We read, with great interest, the pragmatic multicenter trial on aerosolized surfactant presented by the Aero-O2 study investigators.1 This is the largest clinical trial evaluating the efficacy of aerosolized surfactant for preterm infants with respiratory distress syndrome (RDS) and adds to the recent data reported by CureNeb study team.2 We would like to congratulate the investigators for introducing a novel technique of delivering aerosolized surfactant using an interface resembling a pacifier. This ensures continuous aerosol delivery without loss of positive end-expiratory pressure. However, we would like to highlight a few issues and request clarifications regarding the trial.
The infants enrolled in the study had a mean gestational age of 33 weeks and mean birth weight of ∼2.1 kg. The number of infants born at ≤26 weeks’ gestation was small (n = 11). The proportion of infants requiring intubation for surfactant instillation was 26% in the aerosolized surfactant group and 50% in the usual care group. However, the requirement for surfactant reported in the current study is much higher than what is described in literature. Using data from a large prospective cohort study, including 18 tertiary NICUs, researchers reported that only 12.8% of infants born at 33 weeks’ gestation require surfactant.3 Also, in the present trial, infants in the intervention group received higher surfactant doses (6 mL/kg) and, sometimes, multiple treatments (up to 3 doses).
The primary outcome of the study was the need for intubation and instillation of liquid surfactant. However, the oxygen requirement or respiratory distress score was not documented. The decision to ventilate a preterm infant is highly subjective and can vary from center to center. Although this approach contributes to the pragmatic design of the trial, it decreases its generalizability.

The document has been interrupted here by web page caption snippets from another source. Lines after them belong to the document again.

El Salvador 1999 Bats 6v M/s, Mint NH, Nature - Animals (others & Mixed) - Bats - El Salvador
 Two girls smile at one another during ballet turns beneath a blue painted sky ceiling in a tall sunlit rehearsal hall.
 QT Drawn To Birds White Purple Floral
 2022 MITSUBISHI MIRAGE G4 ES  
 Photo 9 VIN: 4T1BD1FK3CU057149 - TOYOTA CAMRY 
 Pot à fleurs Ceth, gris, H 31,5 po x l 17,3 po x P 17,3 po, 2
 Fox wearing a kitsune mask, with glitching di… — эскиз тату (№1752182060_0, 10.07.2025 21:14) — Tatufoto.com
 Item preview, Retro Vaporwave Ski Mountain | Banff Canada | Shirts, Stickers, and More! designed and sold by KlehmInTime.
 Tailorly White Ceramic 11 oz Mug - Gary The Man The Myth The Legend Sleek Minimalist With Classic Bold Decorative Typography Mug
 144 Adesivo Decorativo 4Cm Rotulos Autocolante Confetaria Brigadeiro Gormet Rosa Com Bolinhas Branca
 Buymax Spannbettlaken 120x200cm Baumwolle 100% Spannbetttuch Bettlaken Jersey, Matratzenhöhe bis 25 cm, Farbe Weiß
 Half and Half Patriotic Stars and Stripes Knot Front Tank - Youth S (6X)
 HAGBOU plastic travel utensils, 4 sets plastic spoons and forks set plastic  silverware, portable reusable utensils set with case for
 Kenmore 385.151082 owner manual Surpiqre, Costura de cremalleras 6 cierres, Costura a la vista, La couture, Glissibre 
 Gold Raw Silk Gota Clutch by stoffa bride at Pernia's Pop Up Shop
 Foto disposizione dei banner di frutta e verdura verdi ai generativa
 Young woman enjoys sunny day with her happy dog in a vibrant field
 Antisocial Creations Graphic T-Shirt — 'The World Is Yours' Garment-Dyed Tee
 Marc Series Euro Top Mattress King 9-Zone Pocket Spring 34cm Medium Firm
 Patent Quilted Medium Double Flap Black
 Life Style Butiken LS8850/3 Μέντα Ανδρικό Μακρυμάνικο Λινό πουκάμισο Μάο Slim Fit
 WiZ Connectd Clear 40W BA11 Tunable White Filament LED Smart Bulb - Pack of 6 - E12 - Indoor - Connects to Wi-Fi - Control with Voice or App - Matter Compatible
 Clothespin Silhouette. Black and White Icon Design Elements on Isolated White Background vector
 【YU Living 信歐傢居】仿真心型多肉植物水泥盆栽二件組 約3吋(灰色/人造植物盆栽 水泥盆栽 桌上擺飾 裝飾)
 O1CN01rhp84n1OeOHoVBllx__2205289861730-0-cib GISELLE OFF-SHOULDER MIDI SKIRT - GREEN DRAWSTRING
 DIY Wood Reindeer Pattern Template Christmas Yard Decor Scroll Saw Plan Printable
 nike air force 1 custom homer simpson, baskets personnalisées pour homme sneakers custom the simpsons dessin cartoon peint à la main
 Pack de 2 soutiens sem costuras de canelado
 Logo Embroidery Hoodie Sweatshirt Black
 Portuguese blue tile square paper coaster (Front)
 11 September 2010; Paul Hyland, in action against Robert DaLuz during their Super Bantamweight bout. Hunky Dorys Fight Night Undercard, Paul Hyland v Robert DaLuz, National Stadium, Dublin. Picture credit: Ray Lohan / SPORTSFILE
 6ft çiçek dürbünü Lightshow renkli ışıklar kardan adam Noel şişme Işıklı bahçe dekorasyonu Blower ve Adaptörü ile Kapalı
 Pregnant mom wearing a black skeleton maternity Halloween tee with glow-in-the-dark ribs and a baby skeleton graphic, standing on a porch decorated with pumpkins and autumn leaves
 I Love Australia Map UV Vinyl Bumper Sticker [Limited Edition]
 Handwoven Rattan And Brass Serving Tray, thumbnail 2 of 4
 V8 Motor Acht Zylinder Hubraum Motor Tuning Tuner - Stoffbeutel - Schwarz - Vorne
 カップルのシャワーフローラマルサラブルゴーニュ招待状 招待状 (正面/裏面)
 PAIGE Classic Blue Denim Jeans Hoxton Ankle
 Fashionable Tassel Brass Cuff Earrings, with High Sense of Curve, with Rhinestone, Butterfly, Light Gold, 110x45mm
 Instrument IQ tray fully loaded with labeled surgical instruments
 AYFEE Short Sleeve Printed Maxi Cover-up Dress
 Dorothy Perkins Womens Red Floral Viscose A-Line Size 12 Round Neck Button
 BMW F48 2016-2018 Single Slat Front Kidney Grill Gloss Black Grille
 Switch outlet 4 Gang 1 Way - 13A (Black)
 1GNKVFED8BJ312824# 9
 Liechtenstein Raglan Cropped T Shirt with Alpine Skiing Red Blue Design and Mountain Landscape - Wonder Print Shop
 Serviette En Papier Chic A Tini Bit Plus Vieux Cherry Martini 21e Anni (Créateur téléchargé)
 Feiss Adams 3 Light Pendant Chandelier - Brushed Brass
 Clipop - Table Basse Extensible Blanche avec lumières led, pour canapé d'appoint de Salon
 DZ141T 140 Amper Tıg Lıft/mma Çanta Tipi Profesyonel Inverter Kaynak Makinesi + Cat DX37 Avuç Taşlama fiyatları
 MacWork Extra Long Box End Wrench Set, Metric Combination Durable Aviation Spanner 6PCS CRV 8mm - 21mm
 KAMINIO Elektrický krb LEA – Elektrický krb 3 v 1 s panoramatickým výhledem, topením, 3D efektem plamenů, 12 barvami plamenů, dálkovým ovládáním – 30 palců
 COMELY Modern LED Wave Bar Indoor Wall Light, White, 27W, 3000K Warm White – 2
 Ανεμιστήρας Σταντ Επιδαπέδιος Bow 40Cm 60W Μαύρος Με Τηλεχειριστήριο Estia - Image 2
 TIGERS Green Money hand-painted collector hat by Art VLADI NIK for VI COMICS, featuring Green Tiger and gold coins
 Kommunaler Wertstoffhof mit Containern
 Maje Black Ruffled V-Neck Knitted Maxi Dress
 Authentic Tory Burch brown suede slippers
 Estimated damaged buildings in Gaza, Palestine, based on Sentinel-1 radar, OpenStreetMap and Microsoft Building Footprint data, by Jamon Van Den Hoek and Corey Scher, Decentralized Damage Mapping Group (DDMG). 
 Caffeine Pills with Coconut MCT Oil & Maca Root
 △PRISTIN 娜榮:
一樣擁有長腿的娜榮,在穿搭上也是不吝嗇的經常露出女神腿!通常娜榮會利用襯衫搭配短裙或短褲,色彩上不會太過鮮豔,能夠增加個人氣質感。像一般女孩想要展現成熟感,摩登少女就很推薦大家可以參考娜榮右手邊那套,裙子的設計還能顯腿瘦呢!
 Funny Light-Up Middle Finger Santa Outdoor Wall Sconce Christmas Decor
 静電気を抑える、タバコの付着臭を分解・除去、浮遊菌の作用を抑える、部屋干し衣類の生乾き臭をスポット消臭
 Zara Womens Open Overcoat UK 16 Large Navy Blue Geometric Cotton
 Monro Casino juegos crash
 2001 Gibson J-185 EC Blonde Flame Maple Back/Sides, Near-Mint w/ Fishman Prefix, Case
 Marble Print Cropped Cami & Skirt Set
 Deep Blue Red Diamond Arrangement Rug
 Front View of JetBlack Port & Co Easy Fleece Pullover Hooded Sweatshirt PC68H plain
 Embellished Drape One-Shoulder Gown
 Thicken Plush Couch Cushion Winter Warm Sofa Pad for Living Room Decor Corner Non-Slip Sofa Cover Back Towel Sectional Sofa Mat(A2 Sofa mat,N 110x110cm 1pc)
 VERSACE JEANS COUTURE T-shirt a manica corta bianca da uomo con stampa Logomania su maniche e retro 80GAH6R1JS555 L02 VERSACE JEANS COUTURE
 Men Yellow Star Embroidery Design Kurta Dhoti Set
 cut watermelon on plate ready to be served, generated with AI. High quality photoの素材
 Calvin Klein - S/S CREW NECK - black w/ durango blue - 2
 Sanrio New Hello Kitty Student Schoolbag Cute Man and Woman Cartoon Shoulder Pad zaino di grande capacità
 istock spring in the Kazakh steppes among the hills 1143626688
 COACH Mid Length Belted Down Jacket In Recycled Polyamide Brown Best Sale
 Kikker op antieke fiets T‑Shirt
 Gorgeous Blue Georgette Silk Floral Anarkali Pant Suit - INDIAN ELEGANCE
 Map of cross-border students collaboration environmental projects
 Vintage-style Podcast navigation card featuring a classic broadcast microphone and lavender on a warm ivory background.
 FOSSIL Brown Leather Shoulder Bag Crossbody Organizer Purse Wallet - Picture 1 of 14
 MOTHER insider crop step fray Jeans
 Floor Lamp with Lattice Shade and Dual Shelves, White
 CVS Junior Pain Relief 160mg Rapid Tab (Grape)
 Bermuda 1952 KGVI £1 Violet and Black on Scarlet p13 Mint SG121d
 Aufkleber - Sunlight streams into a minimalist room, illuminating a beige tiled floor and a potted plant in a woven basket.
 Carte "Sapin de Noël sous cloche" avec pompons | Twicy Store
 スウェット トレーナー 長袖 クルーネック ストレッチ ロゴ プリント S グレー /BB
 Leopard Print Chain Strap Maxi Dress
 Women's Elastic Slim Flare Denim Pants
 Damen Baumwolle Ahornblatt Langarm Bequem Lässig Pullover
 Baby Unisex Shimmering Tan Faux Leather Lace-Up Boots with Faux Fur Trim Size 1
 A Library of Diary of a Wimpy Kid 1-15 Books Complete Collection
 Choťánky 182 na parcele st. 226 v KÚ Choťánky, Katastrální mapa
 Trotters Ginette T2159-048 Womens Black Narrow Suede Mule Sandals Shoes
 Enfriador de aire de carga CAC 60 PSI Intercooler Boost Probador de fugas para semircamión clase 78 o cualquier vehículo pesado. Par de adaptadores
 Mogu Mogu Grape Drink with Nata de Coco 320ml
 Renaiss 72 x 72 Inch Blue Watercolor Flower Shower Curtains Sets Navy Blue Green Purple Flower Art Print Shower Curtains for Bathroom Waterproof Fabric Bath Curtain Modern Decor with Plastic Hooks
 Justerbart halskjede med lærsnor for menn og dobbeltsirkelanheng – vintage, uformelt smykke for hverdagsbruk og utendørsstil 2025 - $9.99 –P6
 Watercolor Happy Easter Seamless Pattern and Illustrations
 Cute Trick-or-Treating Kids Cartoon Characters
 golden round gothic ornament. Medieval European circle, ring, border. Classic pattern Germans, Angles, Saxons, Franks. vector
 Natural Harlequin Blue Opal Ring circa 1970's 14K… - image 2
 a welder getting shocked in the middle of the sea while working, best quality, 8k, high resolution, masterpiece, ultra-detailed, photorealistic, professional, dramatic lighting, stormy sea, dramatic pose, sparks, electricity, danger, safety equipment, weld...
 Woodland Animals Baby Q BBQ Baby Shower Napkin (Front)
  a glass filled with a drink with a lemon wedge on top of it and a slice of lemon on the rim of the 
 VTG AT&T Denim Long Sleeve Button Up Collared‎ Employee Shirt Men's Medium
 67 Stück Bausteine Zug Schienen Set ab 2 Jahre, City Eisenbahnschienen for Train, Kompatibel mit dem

The authors have demonstrated the safety and feasibility of using this novel aerosol technique in multiple NICUs. However, the cost implications of using higher and multiple surfactant dosage has not been reported. We would like the investigators to explore and report the cost-effectiveness of this potentially beneficial noninvasive therapy. Providing a treatment modality with a significantly higher cost for an intervention not showing any reduction in relevant outcomes, like chronic lung disease (CLD) or mortality, limits its applicability outside of the research settings. In this trial, aerosolized surfactant did not seem to reduce the need for intubation and surfactant administration in extremely preterm infants. In future trials, researchers could test this treatment approach in smaller infants (≤28 weeks) and report if aerosolized surfactant has the potential to reduce CLD in this challenging population.
CONFLICT OF INTEREST: The authors have indicated they have no potential conflicts of interest to disclose.